PROVIDED MATERIAL Block Start
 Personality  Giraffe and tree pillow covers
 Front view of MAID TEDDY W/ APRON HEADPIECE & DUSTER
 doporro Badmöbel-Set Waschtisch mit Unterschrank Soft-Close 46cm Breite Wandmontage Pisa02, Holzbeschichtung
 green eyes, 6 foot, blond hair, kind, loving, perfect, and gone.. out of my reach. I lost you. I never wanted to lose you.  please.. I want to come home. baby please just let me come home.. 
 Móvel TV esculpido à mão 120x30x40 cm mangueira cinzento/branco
PROVIDED MATERIAL Block End
PROVIDED MATERIAL Block Start
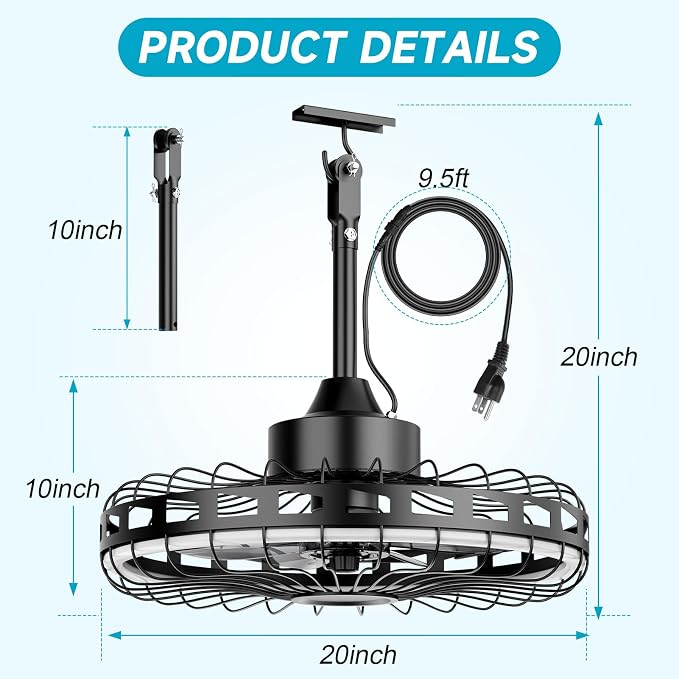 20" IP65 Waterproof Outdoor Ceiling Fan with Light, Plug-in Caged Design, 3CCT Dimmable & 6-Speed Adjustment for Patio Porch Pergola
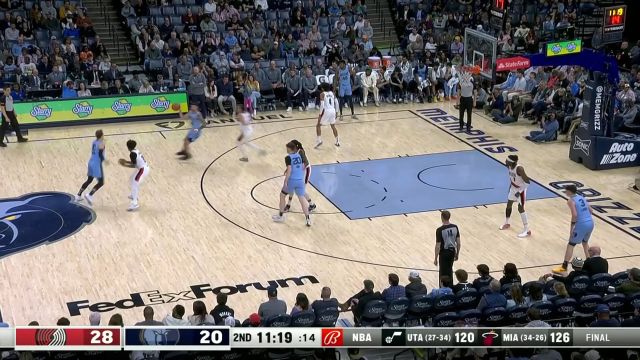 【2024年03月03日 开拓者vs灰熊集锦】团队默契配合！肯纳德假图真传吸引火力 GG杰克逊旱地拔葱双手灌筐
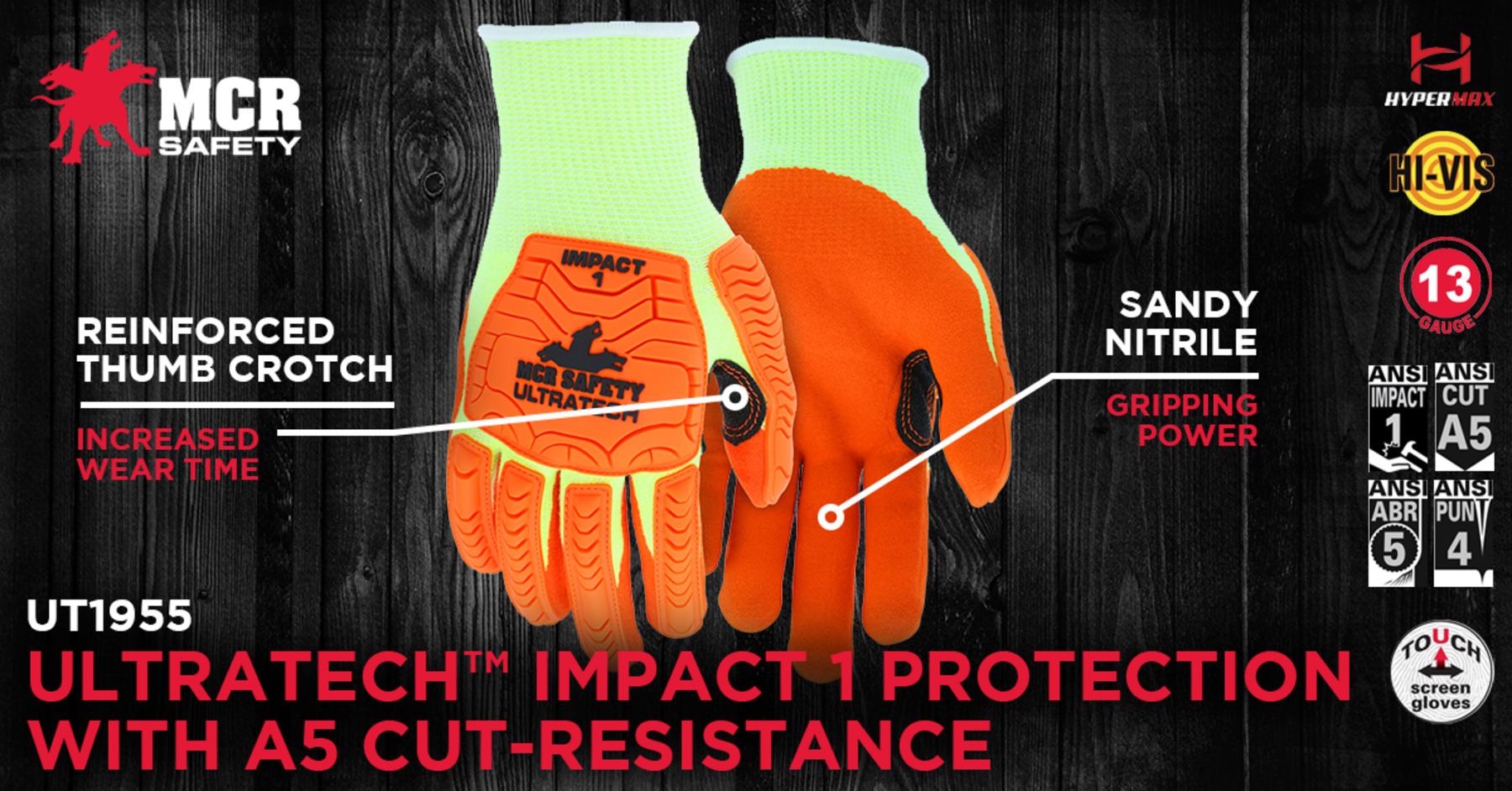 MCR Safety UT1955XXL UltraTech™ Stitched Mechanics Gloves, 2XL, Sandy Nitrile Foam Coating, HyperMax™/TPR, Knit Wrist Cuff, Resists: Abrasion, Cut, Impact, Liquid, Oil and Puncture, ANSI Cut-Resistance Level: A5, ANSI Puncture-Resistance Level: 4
PROVIDED MATERIAL Block End
PROBLEM REQUIREMENTS: Scan the lines above for "tree pillow covers" and for "Móvel TV esculpido". Repeat exactly the line holding each of them and every line in between.

OUTPUT OF THE EXERCISE:
 Personality  Giraffe and tree pillow covers
 Front view of MAID TEDDY W/ APRON HEADPIECE & DUSTER
 doporro Badmöbel-Set Waschtisch mit Unterschrank Soft-Close 46cm Breite Wandmontage Pisa02, Holzbeschichtung
 green eyes, 6 foot, blond hair, kind, loving, perfect, and gone.. out of my reach. I lost you. I never wanted to lose you.  please.. I want to come home. baby please just let me come home.. 
 Móvel TV esculpido à mão 120x30x40 cm mangueira cinzento/branco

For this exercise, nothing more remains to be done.